Adai is this wonderful dosa like crepe. I'm calling it a crepe, because
its round and cooked like a crepe. Its not thin like a crepe. I hate to
refer it as Lentil pancake, its nothing like a pancake. An adai when served
with avial makes a wholesome, nutrituous meal.Aviyal is a medley of boiled vegetables (think carrots, beans, cauliflower, potatoes, peas, squash etc) simmered in yogurt, coconut gravy. And its so easy to make the batter for adai, no need to toil over
fermenting the batter in the cold winter months.
Heck, even the amount of lentils dont have to be measured correctly, the more the lentils, the merrier the Adai is !!
I do follow my mom's measure though:
2 cups Idli rawa ( Par-boiled rice for those who want to make it the
elaborate way)
3/4 cups Tuvar Daal
1/4 cup Channa Daal
1 teaspoon methi seeds
2 teaspoons Urid Daal
5-6 dried red chillies
10 curry leaves
1 inch of peeled ginger, chopped into small pieces.
Pich of Hing
Salt to taste

Soak the Daals for about 2 hours and Idli rawa for about 1 hour. Blend
everything together. Make sure not to over blend, just give it a good
whirr a couple of times and that's it. The batter should be coarse to touch
and the Daals shouldnt become mushy. That's what makes the adais real
crisp. Once the batter is ready, you can make adais immediately or the next
day. The batter stores very well in the fridge for upto 2 weeks.
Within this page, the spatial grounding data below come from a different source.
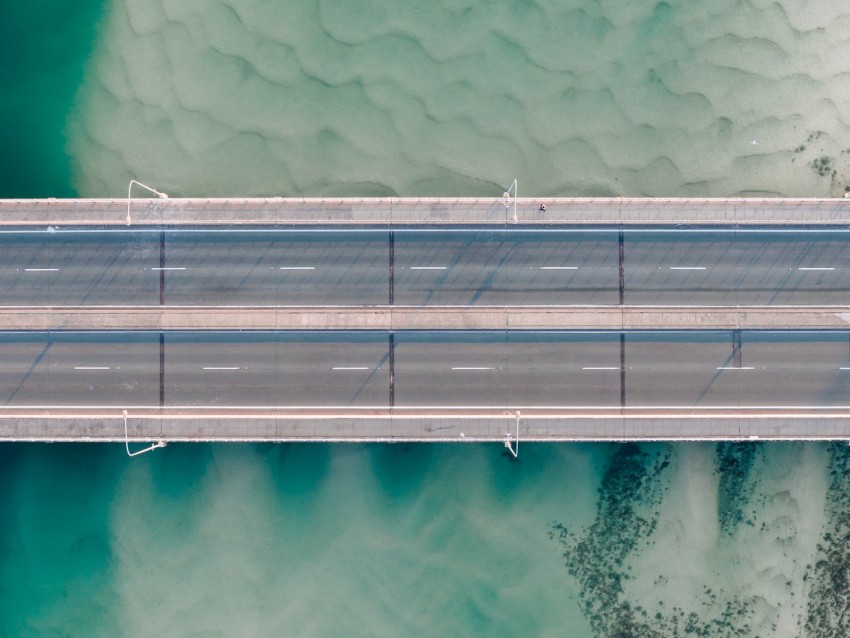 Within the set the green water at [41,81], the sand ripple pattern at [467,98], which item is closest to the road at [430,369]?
the sand ripple pattern at [467,98]

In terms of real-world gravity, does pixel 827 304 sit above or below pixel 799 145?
below

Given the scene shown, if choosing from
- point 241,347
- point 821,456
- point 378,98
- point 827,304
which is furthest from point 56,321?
point 821,456

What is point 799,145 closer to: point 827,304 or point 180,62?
point 827,304

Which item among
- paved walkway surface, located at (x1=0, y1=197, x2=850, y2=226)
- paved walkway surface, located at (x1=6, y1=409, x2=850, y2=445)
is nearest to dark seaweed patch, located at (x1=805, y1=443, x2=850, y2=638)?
paved walkway surface, located at (x1=6, y1=409, x2=850, y2=445)

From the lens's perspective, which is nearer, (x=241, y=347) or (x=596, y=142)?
(x=241, y=347)

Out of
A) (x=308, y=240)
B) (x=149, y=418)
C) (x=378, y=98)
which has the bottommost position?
(x=149, y=418)

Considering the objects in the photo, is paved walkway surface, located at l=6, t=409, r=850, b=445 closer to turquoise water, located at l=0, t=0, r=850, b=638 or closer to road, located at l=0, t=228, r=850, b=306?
turquoise water, located at l=0, t=0, r=850, b=638

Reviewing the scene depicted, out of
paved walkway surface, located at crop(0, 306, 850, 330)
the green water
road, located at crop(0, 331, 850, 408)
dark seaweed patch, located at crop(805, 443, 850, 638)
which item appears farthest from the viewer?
the green water

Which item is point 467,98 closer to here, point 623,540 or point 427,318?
point 427,318
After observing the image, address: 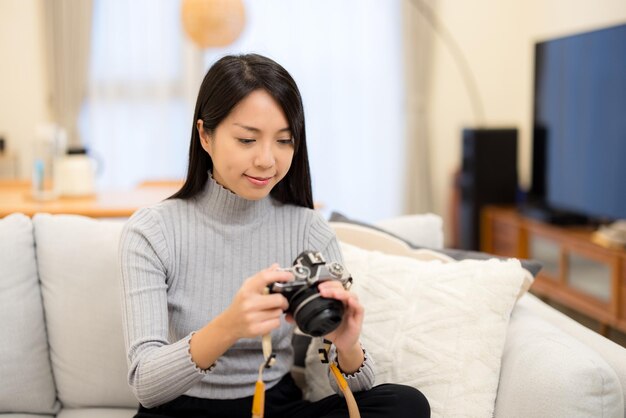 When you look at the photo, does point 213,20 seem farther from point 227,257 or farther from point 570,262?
point 227,257

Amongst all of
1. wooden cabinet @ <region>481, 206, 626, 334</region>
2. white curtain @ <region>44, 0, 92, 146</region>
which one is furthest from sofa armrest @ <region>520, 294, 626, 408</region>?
white curtain @ <region>44, 0, 92, 146</region>

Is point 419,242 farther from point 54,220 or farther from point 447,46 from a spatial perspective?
point 447,46

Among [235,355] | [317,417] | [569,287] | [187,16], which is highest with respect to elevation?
[187,16]

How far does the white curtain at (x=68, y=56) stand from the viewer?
15.0ft

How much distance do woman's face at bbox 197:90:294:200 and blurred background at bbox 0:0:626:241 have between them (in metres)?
3.31

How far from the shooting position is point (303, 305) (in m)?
1.16

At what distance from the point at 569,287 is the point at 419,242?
185 cm

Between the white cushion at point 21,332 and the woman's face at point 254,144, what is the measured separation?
64 centimetres

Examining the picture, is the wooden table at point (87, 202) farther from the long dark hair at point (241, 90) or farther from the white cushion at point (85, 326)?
the long dark hair at point (241, 90)

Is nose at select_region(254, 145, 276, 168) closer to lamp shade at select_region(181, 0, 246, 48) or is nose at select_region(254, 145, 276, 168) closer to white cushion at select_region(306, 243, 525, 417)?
white cushion at select_region(306, 243, 525, 417)

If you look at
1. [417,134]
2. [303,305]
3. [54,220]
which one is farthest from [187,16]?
[303,305]

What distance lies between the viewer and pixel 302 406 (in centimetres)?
152

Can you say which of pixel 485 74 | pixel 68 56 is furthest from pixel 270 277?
pixel 485 74

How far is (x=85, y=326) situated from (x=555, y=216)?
277cm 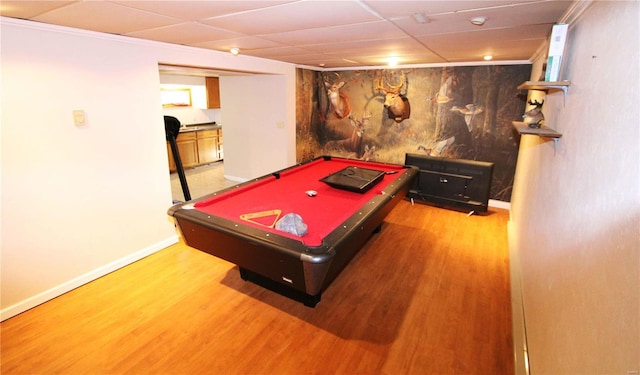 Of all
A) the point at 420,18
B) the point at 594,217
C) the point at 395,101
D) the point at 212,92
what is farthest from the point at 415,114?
the point at 212,92

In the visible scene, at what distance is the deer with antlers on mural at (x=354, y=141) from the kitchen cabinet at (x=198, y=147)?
2.86 m

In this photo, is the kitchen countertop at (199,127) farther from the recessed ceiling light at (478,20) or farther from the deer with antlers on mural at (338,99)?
the recessed ceiling light at (478,20)

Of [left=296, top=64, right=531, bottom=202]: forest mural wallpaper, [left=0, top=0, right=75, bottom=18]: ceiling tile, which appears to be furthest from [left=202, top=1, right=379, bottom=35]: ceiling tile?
[left=296, top=64, right=531, bottom=202]: forest mural wallpaper

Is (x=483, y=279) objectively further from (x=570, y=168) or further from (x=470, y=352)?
(x=570, y=168)

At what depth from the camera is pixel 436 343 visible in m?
2.02

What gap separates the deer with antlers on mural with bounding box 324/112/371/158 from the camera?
5312 millimetres

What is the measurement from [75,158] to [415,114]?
438 centimetres

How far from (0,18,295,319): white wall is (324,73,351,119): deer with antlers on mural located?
8.78 feet

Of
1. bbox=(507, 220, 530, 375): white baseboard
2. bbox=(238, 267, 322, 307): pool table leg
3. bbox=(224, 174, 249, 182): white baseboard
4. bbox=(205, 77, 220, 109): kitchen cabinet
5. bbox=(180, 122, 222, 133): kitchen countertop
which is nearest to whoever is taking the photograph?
bbox=(507, 220, 530, 375): white baseboard

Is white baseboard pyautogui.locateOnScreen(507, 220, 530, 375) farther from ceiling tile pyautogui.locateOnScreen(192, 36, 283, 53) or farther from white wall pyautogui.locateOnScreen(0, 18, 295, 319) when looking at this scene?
white wall pyautogui.locateOnScreen(0, 18, 295, 319)

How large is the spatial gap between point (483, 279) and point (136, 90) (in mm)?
3673

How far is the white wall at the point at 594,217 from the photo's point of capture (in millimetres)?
774

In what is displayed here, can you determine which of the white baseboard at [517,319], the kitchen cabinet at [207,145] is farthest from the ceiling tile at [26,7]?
the kitchen cabinet at [207,145]

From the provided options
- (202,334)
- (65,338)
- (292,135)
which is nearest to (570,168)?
(202,334) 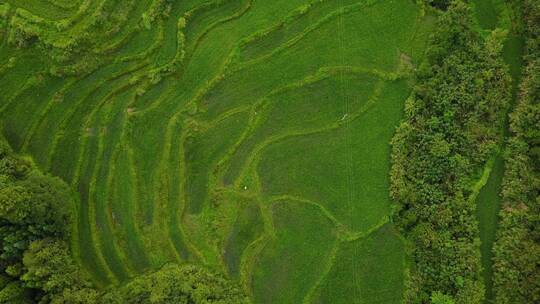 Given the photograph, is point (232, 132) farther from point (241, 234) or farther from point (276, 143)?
point (241, 234)

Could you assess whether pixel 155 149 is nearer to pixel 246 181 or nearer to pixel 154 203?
pixel 154 203

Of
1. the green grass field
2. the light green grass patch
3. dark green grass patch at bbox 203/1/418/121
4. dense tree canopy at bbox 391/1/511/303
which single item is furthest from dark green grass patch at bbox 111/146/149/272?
the green grass field

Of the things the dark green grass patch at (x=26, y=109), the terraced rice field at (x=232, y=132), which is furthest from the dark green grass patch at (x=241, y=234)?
the dark green grass patch at (x=26, y=109)

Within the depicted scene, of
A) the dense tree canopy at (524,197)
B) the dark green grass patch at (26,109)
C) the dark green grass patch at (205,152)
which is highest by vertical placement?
the dark green grass patch at (26,109)

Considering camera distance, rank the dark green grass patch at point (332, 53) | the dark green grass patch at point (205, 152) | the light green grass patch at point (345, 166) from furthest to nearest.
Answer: the dark green grass patch at point (332, 53), the dark green grass patch at point (205, 152), the light green grass patch at point (345, 166)

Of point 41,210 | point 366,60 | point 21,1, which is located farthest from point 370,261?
point 21,1

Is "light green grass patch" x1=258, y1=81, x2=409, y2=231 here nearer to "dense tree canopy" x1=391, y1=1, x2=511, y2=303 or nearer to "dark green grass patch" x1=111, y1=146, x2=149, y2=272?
"dense tree canopy" x1=391, y1=1, x2=511, y2=303

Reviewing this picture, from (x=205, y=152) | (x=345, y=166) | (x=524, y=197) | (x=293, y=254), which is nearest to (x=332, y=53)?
(x=345, y=166)

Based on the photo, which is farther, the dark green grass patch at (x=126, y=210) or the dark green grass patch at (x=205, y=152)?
the dark green grass patch at (x=205, y=152)

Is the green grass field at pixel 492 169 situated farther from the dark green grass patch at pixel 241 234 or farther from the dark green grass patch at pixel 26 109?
the dark green grass patch at pixel 26 109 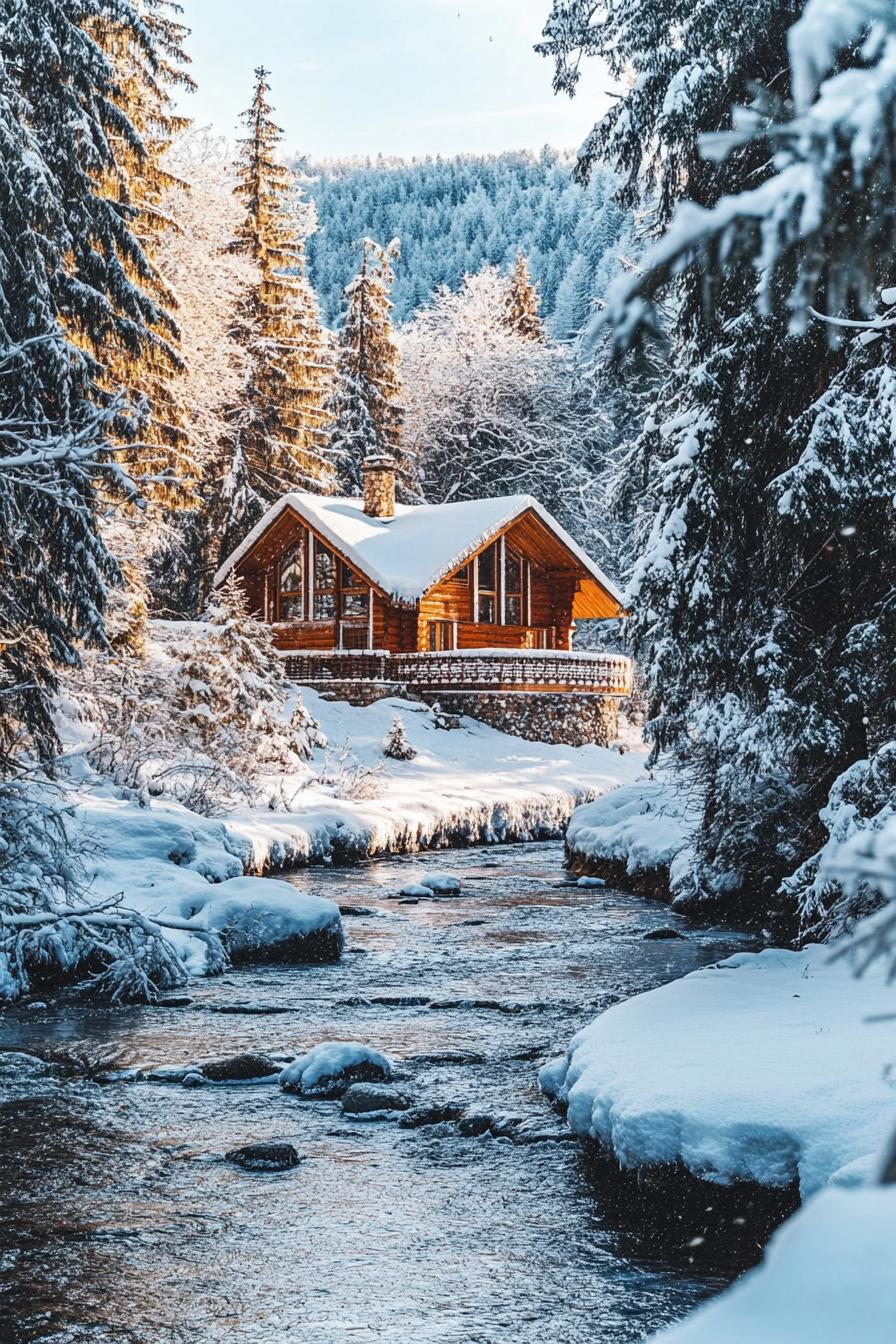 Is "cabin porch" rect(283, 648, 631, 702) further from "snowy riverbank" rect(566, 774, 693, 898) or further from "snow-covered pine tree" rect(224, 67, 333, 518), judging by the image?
"snowy riverbank" rect(566, 774, 693, 898)

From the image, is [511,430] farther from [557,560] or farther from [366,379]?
[557,560]

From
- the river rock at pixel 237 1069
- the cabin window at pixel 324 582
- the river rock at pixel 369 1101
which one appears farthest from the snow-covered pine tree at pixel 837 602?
the cabin window at pixel 324 582

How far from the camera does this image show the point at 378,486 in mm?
39625

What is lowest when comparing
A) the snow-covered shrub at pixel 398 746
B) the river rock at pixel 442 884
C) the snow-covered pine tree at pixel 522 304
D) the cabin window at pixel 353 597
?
the river rock at pixel 442 884

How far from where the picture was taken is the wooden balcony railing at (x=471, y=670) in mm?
34250

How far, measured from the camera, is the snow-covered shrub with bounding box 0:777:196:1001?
35.8ft

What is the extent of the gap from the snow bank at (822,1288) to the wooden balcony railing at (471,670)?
107 ft

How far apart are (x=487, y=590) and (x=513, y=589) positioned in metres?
1.62

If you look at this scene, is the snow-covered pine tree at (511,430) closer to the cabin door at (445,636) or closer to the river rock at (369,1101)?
the cabin door at (445,636)

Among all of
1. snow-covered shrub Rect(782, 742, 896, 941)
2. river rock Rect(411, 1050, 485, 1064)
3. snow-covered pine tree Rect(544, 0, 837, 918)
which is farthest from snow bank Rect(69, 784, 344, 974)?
snow-covered shrub Rect(782, 742, 896, 941)

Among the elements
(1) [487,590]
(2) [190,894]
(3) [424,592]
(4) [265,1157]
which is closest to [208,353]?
(3) [424,592]

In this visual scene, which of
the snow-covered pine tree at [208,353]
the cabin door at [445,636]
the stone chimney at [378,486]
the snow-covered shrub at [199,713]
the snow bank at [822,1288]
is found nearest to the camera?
the snow bank at [822,1288]

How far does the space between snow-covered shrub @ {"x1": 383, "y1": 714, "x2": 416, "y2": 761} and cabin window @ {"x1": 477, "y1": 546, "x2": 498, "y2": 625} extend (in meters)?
10.9

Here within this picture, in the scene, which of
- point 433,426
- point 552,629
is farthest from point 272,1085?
point 433,426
Now to make adais for 2 people:
Mix 1 cup batter with 1/4 cup finely chopped onion.
Other optional extras: 1 teaspoon Finely chopped ginger (ginger is supposed to
thwart the gassy effects of Lentils. I've my doubts though !!), 1 green chilli.
And a good heavy iron griddle - this is the most important, in my
An iron griddle works better than a non-stick pan. Maintaining the heat
to cook adai evenly is what makes the difference.

Heat the griddle. To test the heat, sprinkle water, it should sizzle.
Take a ladle ful of batter, pour it in the griddle and spread it
evenly. This should not be very thin or very thick. Poke holes with a spoon
throughout the adai. Pour oil around the adai and into the holes. And let it cook
for upto 3-5 minutes. Flip it around and cook evenly on the other side. The
result should be a golden brown adai, crisp on the outside and soft on
the inside. Serve with a pat of butter and Avial on the side. Can also be served
with Sambar & chutney.

Adais can also be made with Fresh methi leaves, coconut, spinach. But
nothing comes close to Adais made with onion.

I made a simple Kootu (vegetables & Moong Daal) to go with adai today.

I'll post the recipe for aviyal later.